April 26 2026 - 4:00pm

In one of the most celebrated episodes of The Simpsons, Bart’s nemesis Sideshow Bob steps on nine rakes in a row. The idea of the two-minute scene was to linger on the joke long enough that it turns around to being funny again. It takes guts to commit to such a strategy, but the payoff can be enormous.

In a similar episode that went viral this weekend, for two brilliantly excruciating minutes in his interview with Piers Morgan, Russell Brand noisily flips through his Bible in search of a meaningful verse, umming and ahhing all the while. The awkwardness, the social pressure, would have gotten to most of us. But Morgan, despite his reputation for not allowing guests to get a word in edgewise, is a professional and knows exactly when to hold his tongue.

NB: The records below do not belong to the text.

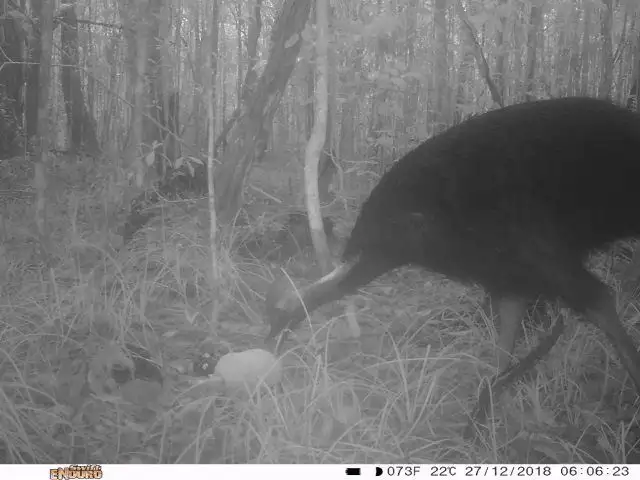 Sixth view of Homely rural property listing, 0 Tully-Mission Beach Road, East Feluga QLD 4854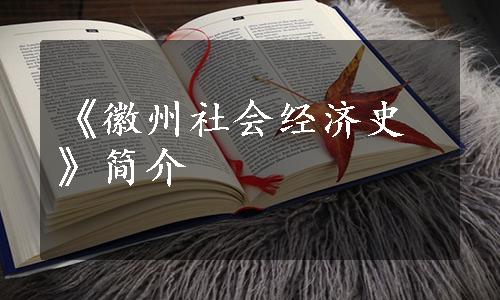 《徽州社会经济史》简介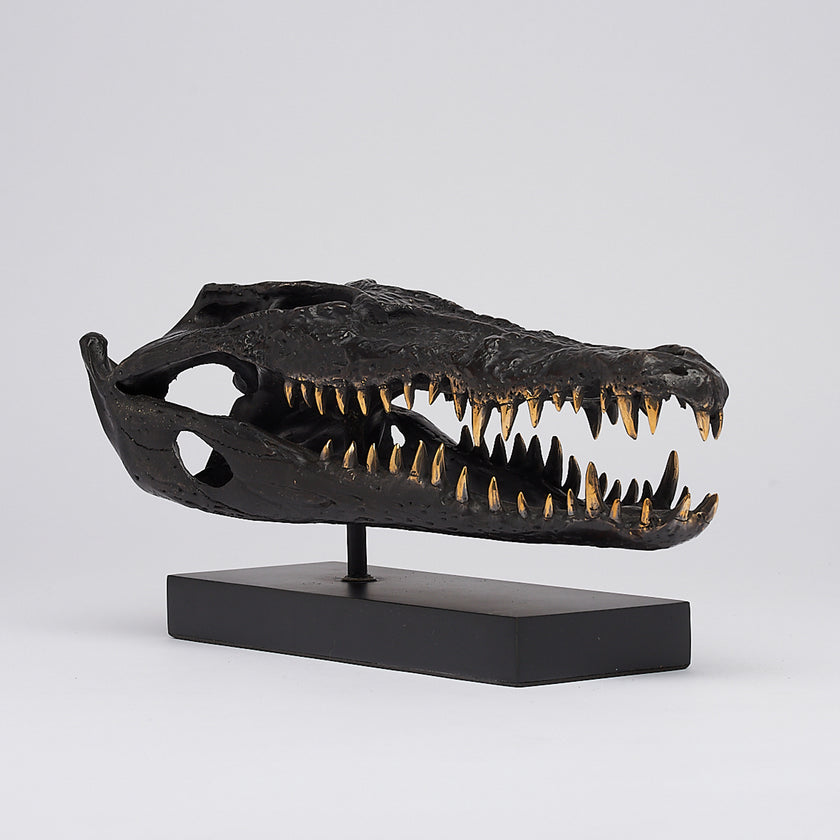 Crocodile Skull Saltwater Brown with Polished Teeth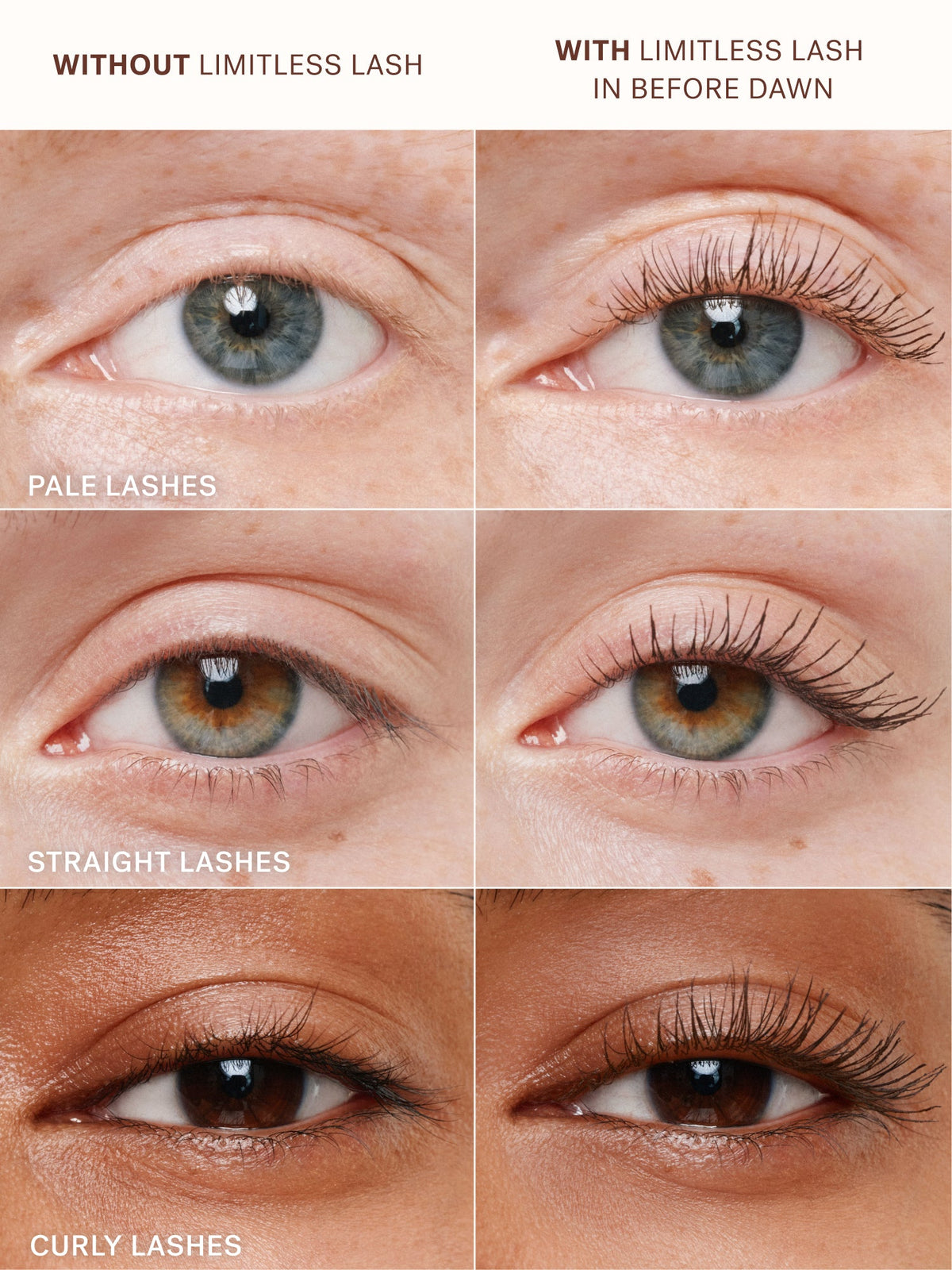 The Complexion + Color Set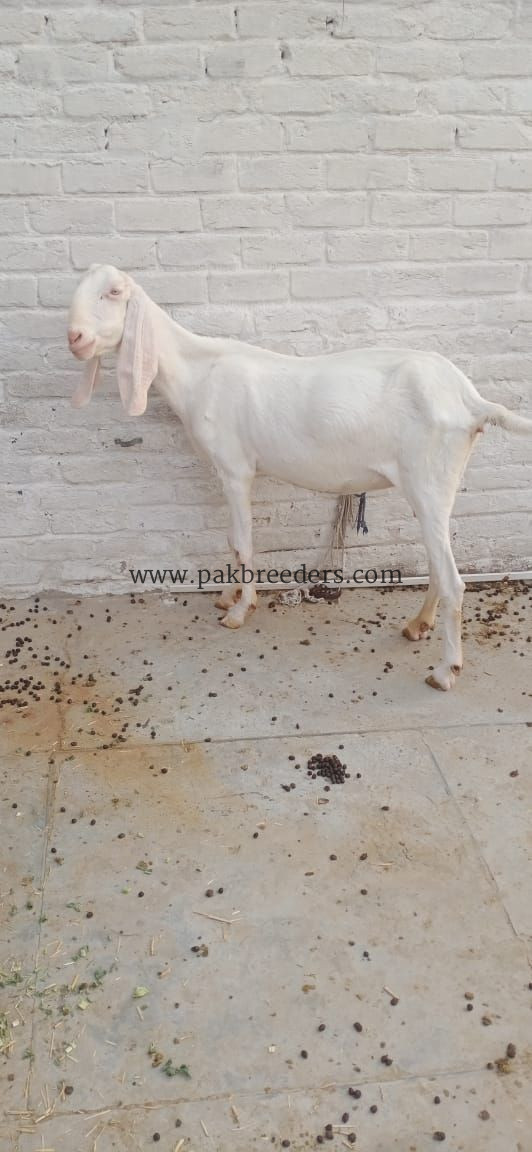 White rajanpuri bakri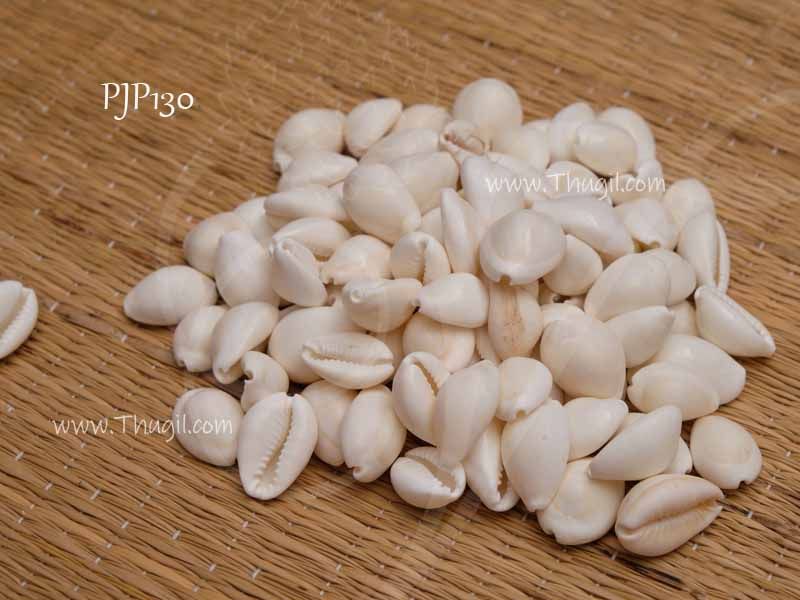 Cowry Shells Playing Choli Sea Shell Beads Cowrie Craft Set 150 pcs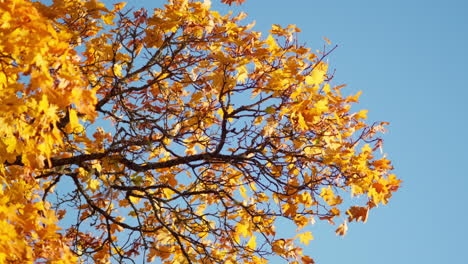 Yellow-autumn-leaves-moving-in-the-wind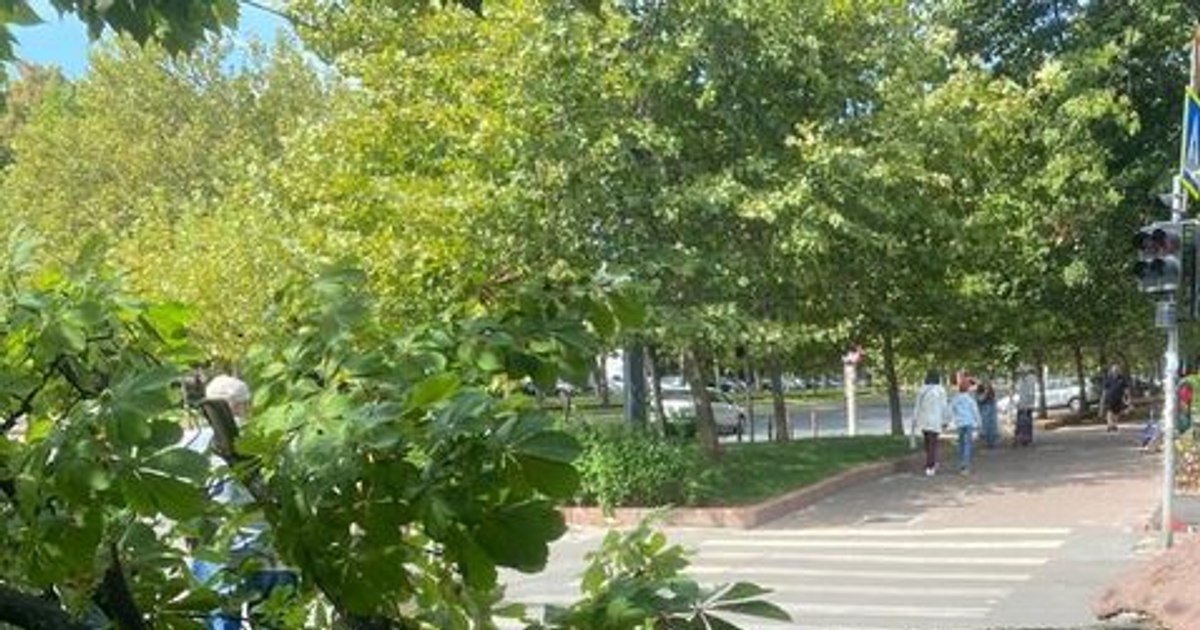 Incident în Capitală: Un copac căzut blochează circulația în centrul Bucureștiului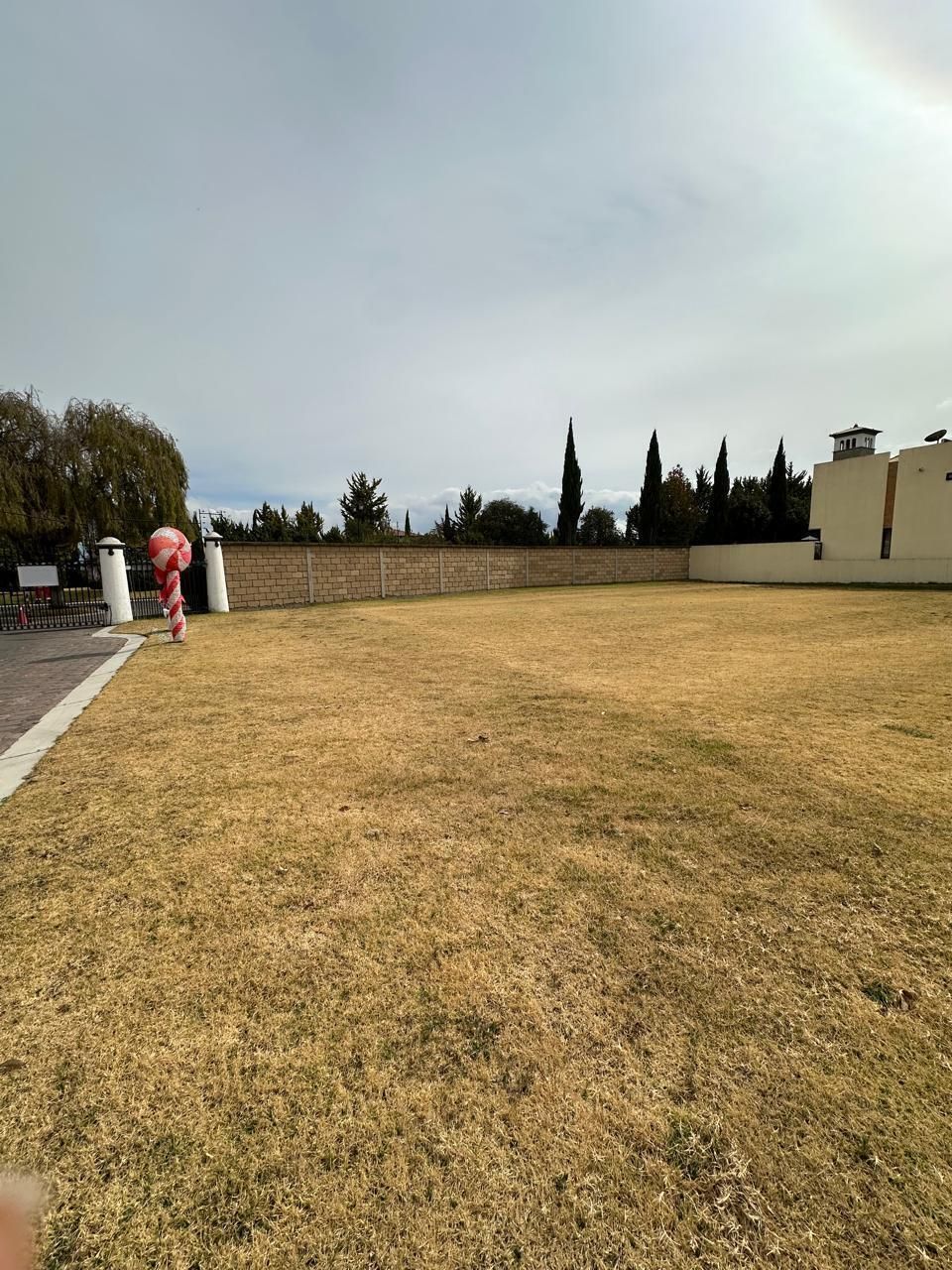 2 de 6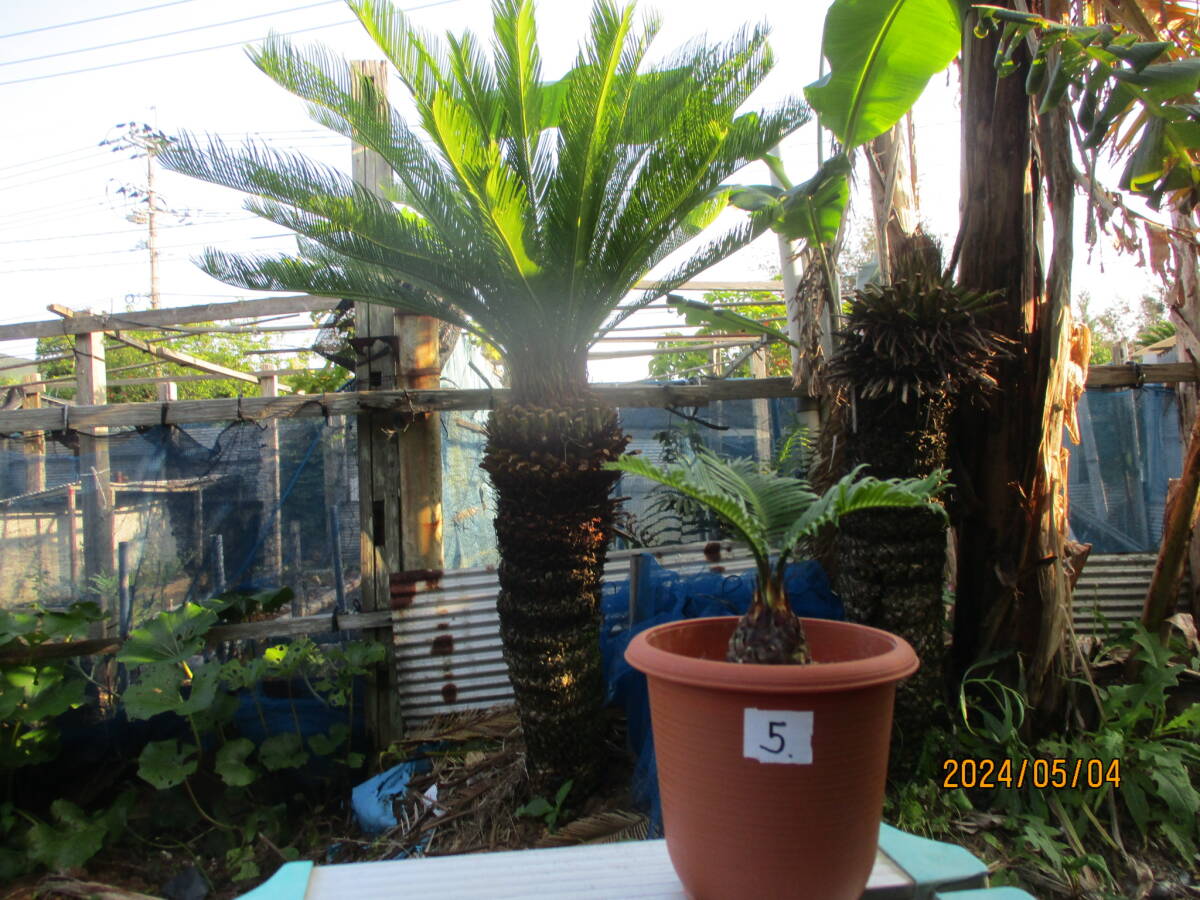 アオエソテツ5. 4号鉢 （青首そてつ）奄美大島産  （盆栽、観葉植物）の画像5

At one point in the interview, Brand claims that the old media is falling apart; the pendulum is swinging, he says, towards such cranks as David Icke and Alex Jones. Morgan is one of the few figures who’s managed to straddle both worlds, pivoting seamlessly from ITV and the Daily Mirror to the more anarchic online scene. He is a product of Fleet Street — he still speaks fondly, in the interview, about Rupert Murdoch. And yet he is in his element with the new shock jocks and rabblerousers, grilling Candace Owens and, infamously, Nick Fuentes, while most other media wouldn’t host them on a show.

In 2006, when he first interviewed Brand, Morgan was at the summit of the old media in all its laddish pomp. Much of that interview consists of Morgan needling Brand for information about his liaisons with Kate Moss. “How many?” he asks, over and over again. “How many a week at your peak?”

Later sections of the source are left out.